Is Facebook coping with wave of Covid-19 misinformation?

Crisis is galvanising Facebook's anti-fake news measures and exposing shortcomings in system.

Facebook: campaign in 2018
Facebook: campaign in 2018

Facebook’s anti-fake news measures are being tested during the Covid-19 outbreak. Social media has become a hotbed of misinformation as the virus spreads worldwide, and since this misinformation relates to public health and has the potential to influence a person’s decision to seek treatment, social platforms have been forced to alter their approaches to prevent the spread from worsening.

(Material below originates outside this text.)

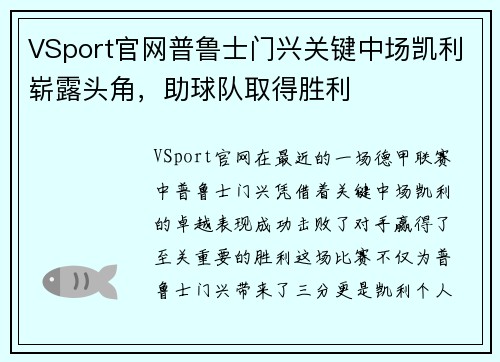 VSport官网普鲁士门兴关键中场凯利崭露头角，助球队取得胜利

Always the distributor and never the editor, Facebook has rarely taken to removing content unless it is in clear violation of its rules – an approach that has garnered much criticism, especially when it comes to political advertising. But during the novel coronavirus, removal has become commonplace. Facebook only removes misinformation "that may contribute to physical harm"; other types of misinformation have their distribution reduced. It has been focusing on claims that have been debunked by the World Health Organization or other credible health experts, and are most likely to result in someone getting sick or not seeking treatment.

Facebook has also introduced new tools during the Covid-19 outbreak, including a pop-up that links to credible health information that will be surfaced when people search for information related to the virus on the platform or tap a related hashtag on Instagram. It was launched in Hong Kong, Japan, Macau, Malaysia, the Philippines, Singapore, Taiwan, Thailand and Vietnam.

The company has also been sharing aggregated and anonymised mobility data and high-resolution population density maps to researchers at Harvard University’s School of Public Health and National Tsing Hua University in Taiwan to help inform their forecasting models for the spread of the virus.

But Facebook is mainly reliant on its fact-checking program to stymie the spread of fake news related to Covid-19. In Asia-Pacific, Facebook has 27 fact-checking partners across 11 countries and territories. AFP Fact Check is a partner in 10 of the 11 territories (excluding Taiwan) and is the sole partner in five territories: Hong Kong, Malaysia, Pakistan, Singapore and Thailand. This is slightly more than the 26 fact-check partners Facebook has in Europe across 16 countries. It has seven partners in the US.

So how effective is Facebook’s fact-checking program in identifying and reducing misinformation? Campaign Asia-Pacific has interviewed AFP Fact Check and analysed a number of coronavirus-related Facebook groups to paint a clearer picture of its process and its flaws.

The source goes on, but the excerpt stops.